**Data for this exercise:**
━━━━
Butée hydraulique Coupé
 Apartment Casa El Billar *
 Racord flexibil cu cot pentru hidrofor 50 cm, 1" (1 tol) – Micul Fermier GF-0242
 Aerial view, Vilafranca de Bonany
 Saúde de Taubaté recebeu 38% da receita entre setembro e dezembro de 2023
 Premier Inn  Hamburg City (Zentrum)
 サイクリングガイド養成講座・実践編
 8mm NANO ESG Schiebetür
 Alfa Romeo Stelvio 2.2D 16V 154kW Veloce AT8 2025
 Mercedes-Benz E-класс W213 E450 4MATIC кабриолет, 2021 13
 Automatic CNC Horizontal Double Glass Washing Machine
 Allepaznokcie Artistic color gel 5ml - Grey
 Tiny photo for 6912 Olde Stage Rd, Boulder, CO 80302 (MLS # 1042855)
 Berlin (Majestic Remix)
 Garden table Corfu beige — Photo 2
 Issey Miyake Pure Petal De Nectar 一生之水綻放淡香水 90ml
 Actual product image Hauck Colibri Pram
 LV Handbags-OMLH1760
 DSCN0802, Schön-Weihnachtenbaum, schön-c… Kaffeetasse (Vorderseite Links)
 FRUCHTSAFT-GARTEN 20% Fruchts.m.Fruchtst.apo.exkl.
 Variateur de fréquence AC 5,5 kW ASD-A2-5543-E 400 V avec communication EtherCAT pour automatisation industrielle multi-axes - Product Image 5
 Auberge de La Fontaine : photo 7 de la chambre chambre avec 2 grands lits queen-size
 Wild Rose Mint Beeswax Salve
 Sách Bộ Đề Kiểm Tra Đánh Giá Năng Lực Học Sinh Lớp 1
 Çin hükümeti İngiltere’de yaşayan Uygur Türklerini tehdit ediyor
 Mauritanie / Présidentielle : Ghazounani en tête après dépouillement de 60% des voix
━━━━
**Your task:** When you answer, repeat each entry exactly as it appears above.

**Task response:**
Butée hydraulique Coupé
 Apartment Casa El Billar *
 Racord flexibil cu cot pentru hidrofor 50 cm, 1" (1 tol) – Micul Fermier GF-0242
 Aerial view, Vilafranca de Bonany
 Saúde de Taubaté recebeu 38% da receita entre setembro e dezembro de 2023
 Premier Inn  Hamburg City (Zentrum)
 サイクリングガイド養成講座・実践編
 8mm NANO ESG Schiebetür
 Alfa Romeo Stelvio 2.2D 16V 154kW Veloce AT8 2025
 Mercedes-Benz E-класс W213 E450 4MATIC кабриолет, 2021 13
 Automatic CNC Horizontal Double Glass Washing Machine
 Allepaznokcie Artistic color gel 5ml - Grey
 Tiny photo for 6912 Olde Stage Rd, Boulder, CO 80302 (MLS # 1042855)
 Berlin (Majestic Remix)
 Garden table Corfu beige — Photo 2
 Issey Miyake Pure Petal De Nectar 一生之水綻放淡香水 90ml
 Actual product image Hauck Colibri Pram
 LV Handbags-OMLH1760
 DSCN0802, Schön-Weihnachtenbaum, schön-c… Kaffeetasse (Vorderseite Links)
 FRUCHTSAFT-GARTEN 20% Fruchts.m.Fruchtst.apo.exkl.
 Variateur de fréquence AC 5,5 kW ASD-A2-5543-E 400 V avec communication EtherCAT pour automatisation industrielle multi-axes - Product Image 5
 Auberge de La Fontaine : photo 7 de la chambre chambre avec 2 grands lits queen-size
 Wild Rose Mint Beeswax Salve
 Sách Bộ Đề Kiểm Tra Đánh Giá Năng Lực Học Sinh Lớp 1
 Çin hükümeti İngiltere’de yaşayan Uygur Türklerini tehdit ediyor
 Mauritanie / Présidentielle : Ghazounani en tête après dépouillement de 60% des voix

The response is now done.